Extracted information:
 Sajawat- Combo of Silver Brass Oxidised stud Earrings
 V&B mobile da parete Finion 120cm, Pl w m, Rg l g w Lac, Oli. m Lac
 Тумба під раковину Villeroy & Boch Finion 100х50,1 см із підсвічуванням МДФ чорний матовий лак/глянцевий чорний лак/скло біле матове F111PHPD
...
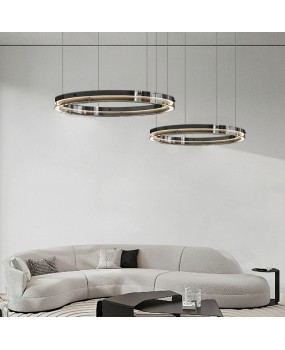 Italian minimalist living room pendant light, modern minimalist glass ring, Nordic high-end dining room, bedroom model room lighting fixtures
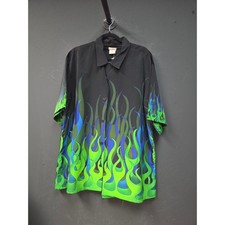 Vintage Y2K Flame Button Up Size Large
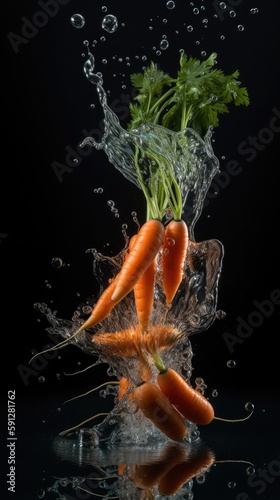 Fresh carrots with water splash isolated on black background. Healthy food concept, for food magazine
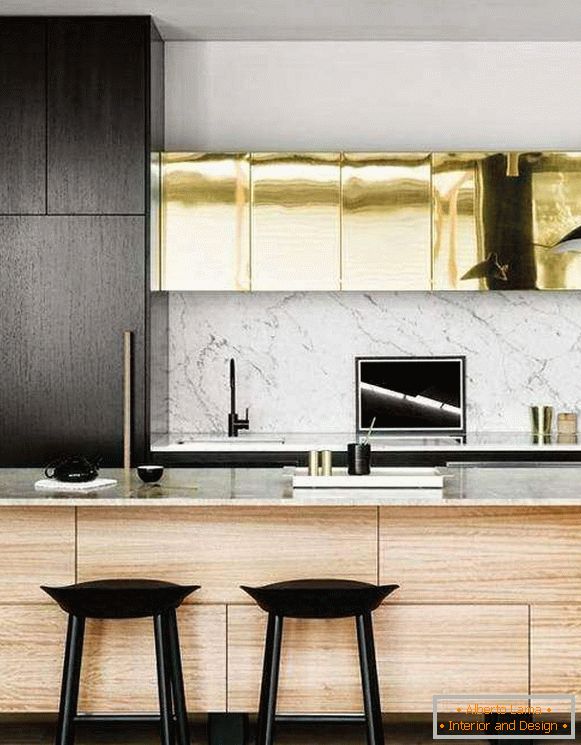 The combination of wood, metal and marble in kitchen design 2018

Task objective: Only one stretch of the data above is needed. Restate it word for word, from the line containing "Sajawat- Combo of" through the line containing "Тумба під раковину", both ends included.

Reply:
 Sajawat- Combo of Silver Brass Oxidised stud Earrings
 V&B mobile da parete Finion 120cm, Pl w m, Rg l g w Lac, Oli. m Lac
 Тумба під раковину Villeroy & Boch Finion 100х50,1 см із підсвічуванням МДФ чорний матовий лак/глянцевий чорний лак/скло біле матове F111PHPD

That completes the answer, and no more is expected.